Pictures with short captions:
[Start of section]
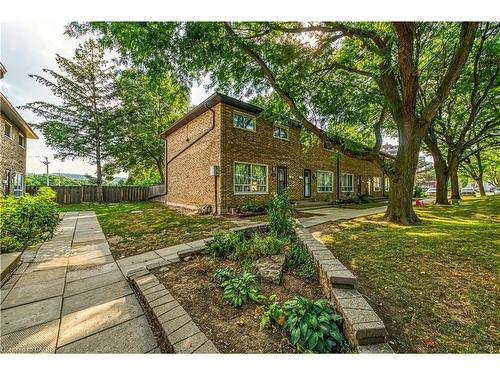 18 Riverdale Drive, Hamilton, ON - Outdoor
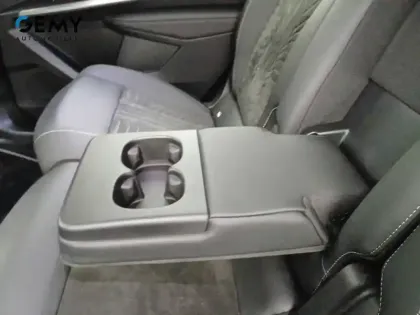 Photo 92 Peugeot 5008  Hybrid 145 e-DCS6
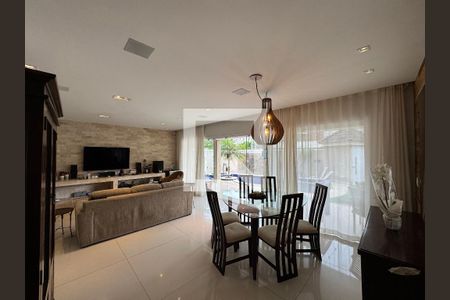 Casa de condomínio para alugar com 350m², 4 quartos e 5 vagasSala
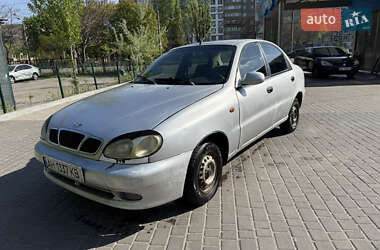 Седан Daewoo Lanos 2003 в Покровске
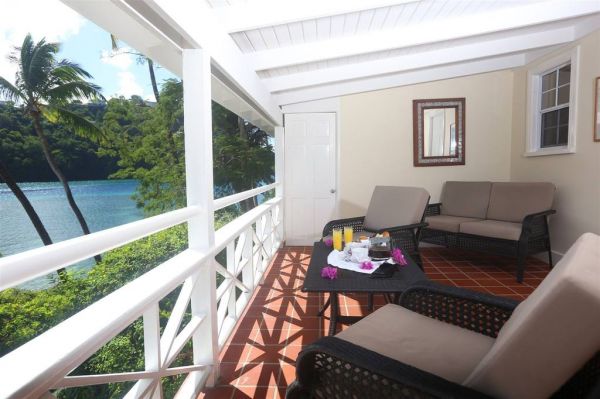 Marigot Beach Club and Dive Resort exterior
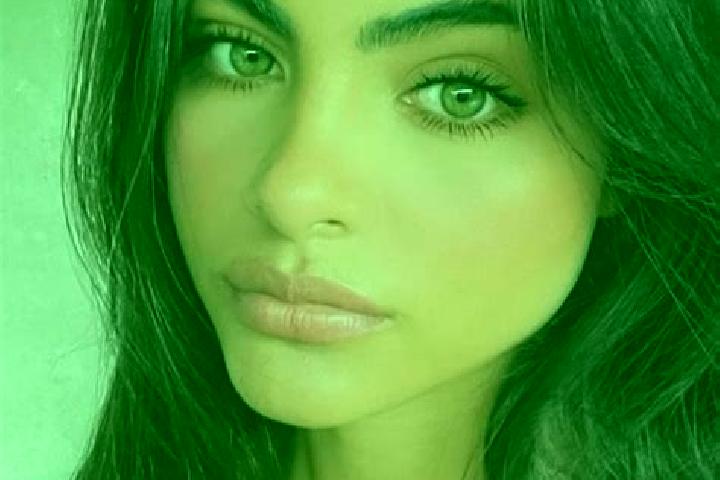 Penelope, 37, a brunette grey-eyed indian companion based in Itaoca. Offering Dinner Date, Duos, Erotic Massage. Available for incall and outcall, overnight ...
[End of section]
§ **What the exercise asks**
Could you reproduce every record above exactly, leaving out the pictures?

§ **Completed task**
 18 Riverdale Drive, Hamilton, ON - Outdoor
 Photo 92 Peugeot 5008  Hybrid 145 e-DCS6
 Casa de condomínio para alugar com 350m², 4 quartos e 5 vagasSala
 Седан Daewoo Lanos 2003 в Покровске
 Marigot Beach Club and Dive Resort exterior
 Penelope, 37, a brunette grey-eyed indian companion based in Itaoca. Offering Dinner Date, Duos, Erotic Massage. Available for incall and outcall, overnight ...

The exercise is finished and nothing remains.